5) Tactical IR playbook (when you suspect 'IAmAntimalware')
- Isolate the host(s) logically (network quarantine) but preserve connectivity for forensic staging if safe (allow upload to secure forensic sink only).
- Collect evidence — process list, PE metadata, signed certificate chain, memory snapshot, running driver list, agent config files, scheduled tasks, and network connections. Preserve timestamps and the original on-disk binary (copy with integrity hash).
- Validate provenance — check management/MDM enrollment records, deployment pipelines, and vendor update logs. If the component was not deployed by a managed mechanism, treat as untrusted.
- Perform out-of-band verification — reach out to vendor channels (SIRT/PSIRT) with binary hashes and certs; confirm whether the component and signer are legitimate.
- Snapshot & rotate — if cloud keys, secrets, or agent certificates were present on the host, rotate them. Identify all accounts with tokens present and revoke; require re-enrollment for the agent.
- Rebuild from golden — when integrity is in doubt, rebuild or reimage the host using signed, audited images. Restore telemetry collectors and validate prior to rejoining to production networks.
- Hunt globally — use IOCs (hashes, cert thumbprints, domain names, egress ASNs) to sweep fleet-wide. Prioritize containment on high-value assets and segmentation boundaries.
6) Hardening & Prevention (operational controls)
- Enforce deployment provenance: Only allow security agents deployed via your MDM/CMDB pipeline. Block ad-hoc installs by requiring management enrollment tokens.
- Harden update pipelines: Ensure updates for EDR/AV are signed by vendor keys and pushed via your secured update channels where possible.
- Signed-certificate pinning: Maintain a small trust store of vendor signing certs and pin agents/drivers to those certs; alert on any change.
- Least privilege for security agents: Limit agent capabilities to the minimum necessary (drop local admin where possible); monitor for privilege-escalation attempts from agents.
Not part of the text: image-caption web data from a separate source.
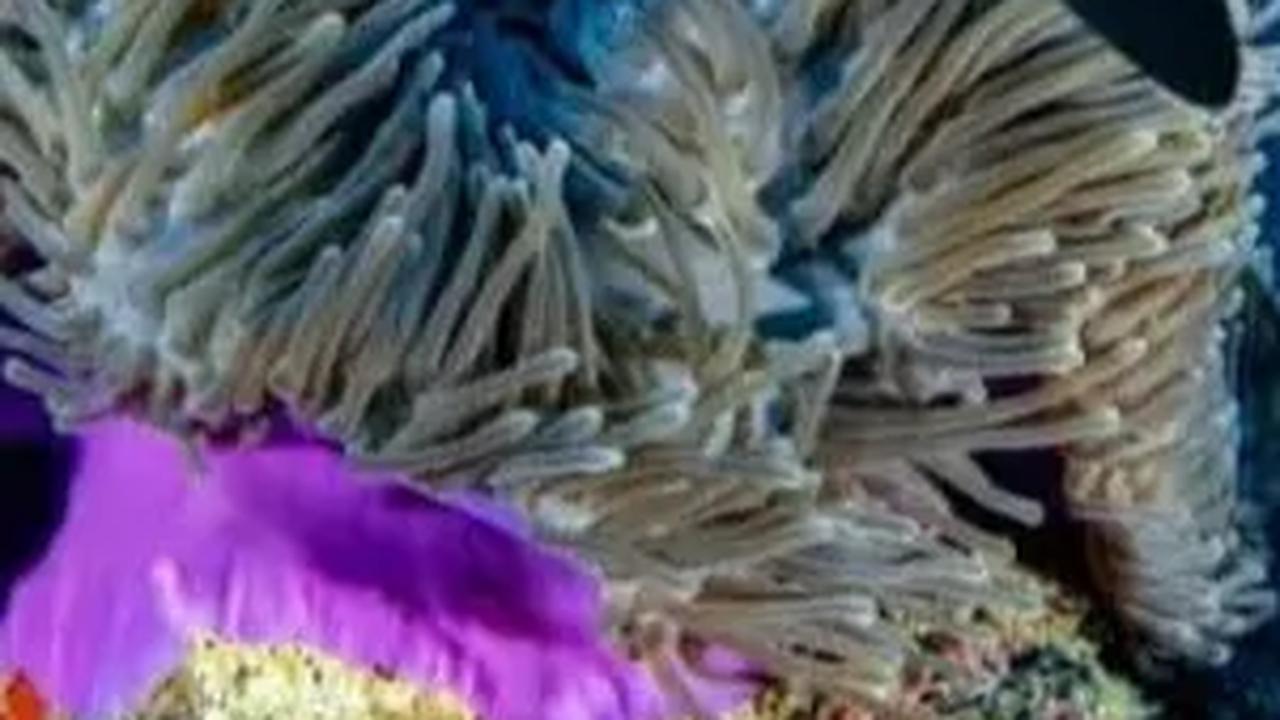 Ilmuwan Temukan Lumba-Lumba Langka, Ada Jempolnya Seperti Manusia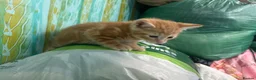 Persian cats for sale: Kittens Persian tabby  - Advert 7
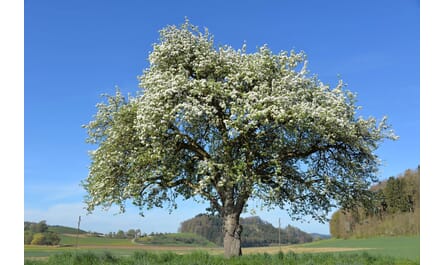Apfelbaum Baumhoroskop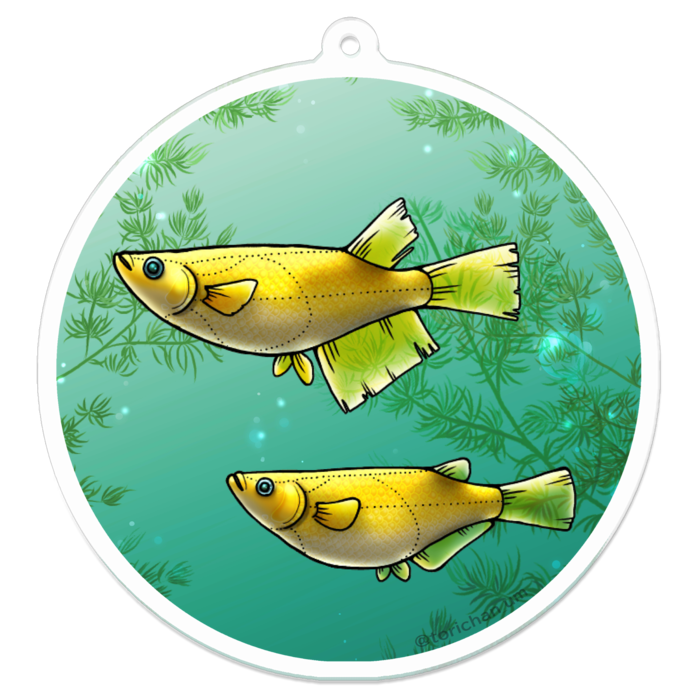 ヒカリ　ー　70 x 70㍉／コーティングなし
- Out-of-band telemetry: Use independent collectors that report to a separate ingestion pipeline; compare agent-sent telemetry to collector-sourced telemetry to detect self-reporting gaps.
- Regular integrity checks: Periodic verify of binaries (hash vs published), config change audits, and driver/Service Control Manager (SCM) watches for new/modified services.
- Automated attestations: Use signed manifests and attestations for any kernel-mode component; deny-load policies for non-attested modules.
7) Playbook for vendors & procurement
- Require suppliers to publish reproducible build artifacts and code signing cert details; store vendor pubkeys in your trust registry.
- Include verification of agent update channels in contracts: vendor must support allowlist endpoints and signed update manifests.
- Demand transparent telemetry practices: what endpoints an agent talks to, and an allowlist for those endpoints, including ASN and certificate pins.